|Date(s):||July 1, 1863 to July 2, 1863|
|Tag(s):||Civil War, Military|
|Course:||“Civil War and Reconstruction,” Juniata College|
|Rating:||4.17 (6 votes)|
Harry T. Hays was the Brigadier General of the feared Louisiana Tigers. During the Civil War, the Tigers gained a reputation in the North as one of the fiercest Southern brigades. The Tigers are best known for their tremendous efforts at Gettysburg, Pennsylvania, where Hays said they, “advanced through the city of Gettysburg, clearing it of the enemy and taking prisoners at every turn.”

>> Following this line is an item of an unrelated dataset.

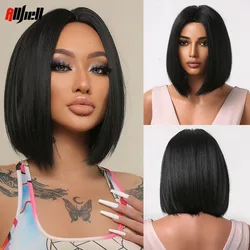 Short Black Bob Synthetic Wigs for Women Middle Part Straight Hair Heat Resistant Wigs African Female Natural Daily Party Use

The Confederates had planned on going into the Union to take a northern city and convince Northerners that the fight was not worth it anymore. But on July 1, 1863, parts of the Confederate army marched on Gettysburg, and found the town to be occupied by more Union forces than they had anticipated. This began the unintentional confrontation between the two sides, which ultimately resulted in the four-day battle. That first day in Gettysburg, Hays’ account of the Tigers proves the accuracy of their reputation. After July 1, Hays felt “satisfied that the prisoners taken in the above-mentioned movements by my brigade exceeded in numbers the force under my command,” where the casualties for the Union, “exceeded ours by at least six to one.” These extraordinary efforts from Hays’ brigade and others helped to push the Union troops out of the town and onto Cemetery Ridge, where the Tigers performed another incredible task with seemingly little effort.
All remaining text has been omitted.